Similarly, I need to make my own peace with not being the mom my mother was. She was a saint to have dinner on the table every night in a tidy house. But it made her feel pressure to put her aspirations of being an artist on the back burner until we were grown and moved out. I am so glad she finally makes time in her week to paint. She is wildly talented and my only regret for her is that she felt too guilty to do it sooner.
My mom isn’t the only one who sacrificed her dreams. My dad wanted to be a photographer at one point in his life, but decided to stick with being a builder because it provided better for his family. We have to make these tough choices at times but I guess the point I’m trying to make is, don’t abandon your dreams entirely. Always make time for your passion. When we live a life out of obligation, we get burnt out. We must “adult” for a good portion of our days, but you do yourself a disservice when you stifle your creativity.
Creativity is the thing that sets us apart from every other living thing on the planet. Why would God give us a desire to create if it wasn’t important? It’s what makes us more magical than narwhals and polar bears!
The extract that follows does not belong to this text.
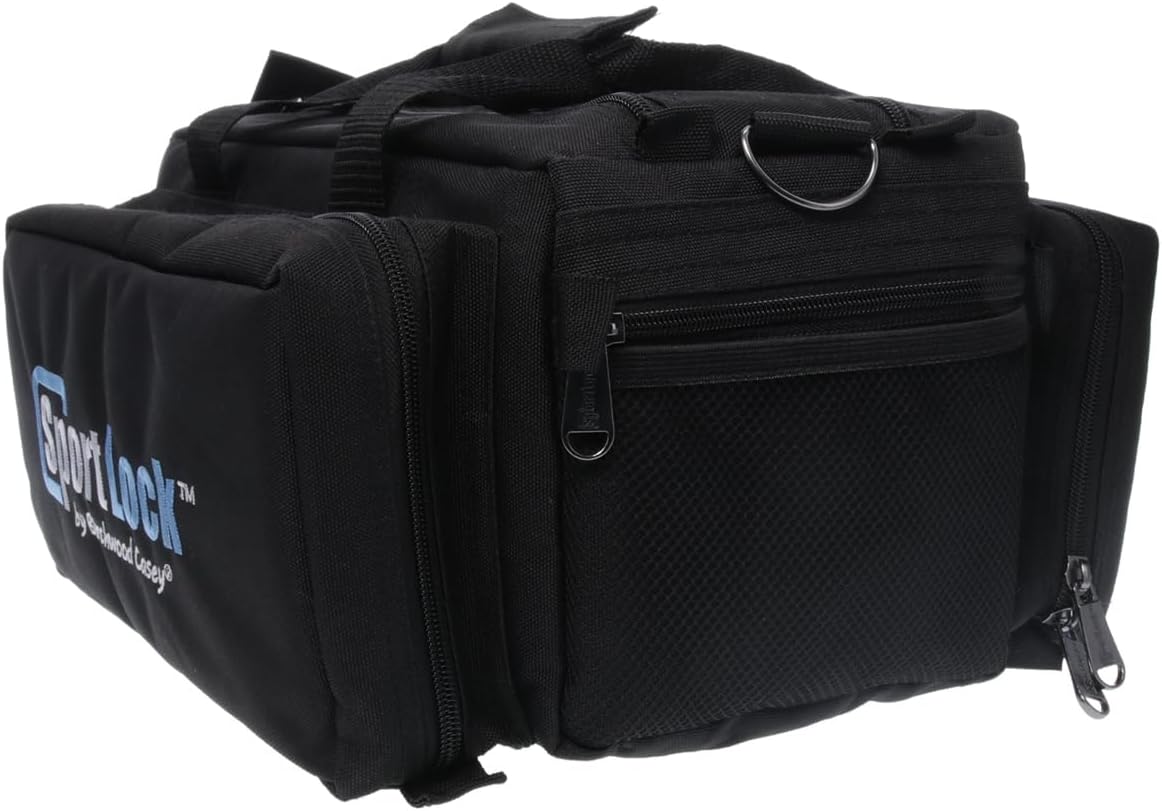 Birchwood Casey Deluxe Range Bag | Heavy-Duty Durable Nylon Water-Resistant Gun Range Bag with Adjustable Shoulder Strap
They can’t paint or play guitar or grow creepy mustaches, but we can! It’s our gift from God to make this life tolerable. It’s the fun we get to have! He wants us to play! He wants us to live for joy, not for big mansions with sculpted lawns that are afforded by repressing every stitch of creative expression we’ve ever had.
Yes, we must survive, but how important is it for us to work ourselves into the ground, because ultimately, people, that is where we all end up. The only question we are left to ask ourselves on that last day of life is, “Did I enjoy the ride?”
So here I am, typing away, my passion, my heart, and soul in my favorite way—written word. In this moment, my creativity is more important than cleaning and that’s fine. No one will suffer for it. And don’t do what I did this morning and blame someone else for your refusal to get out of the way of the arbitrary rules you place on yourself.
My fireplace is on and I am actively avoiding that sink full of dishes so I can share this good news with you: LIVE YOUR LIFE WITH JOY, NOT OBLIGATION.
Happy Monday, you beautiful, creative, expressive being! Go do THAT!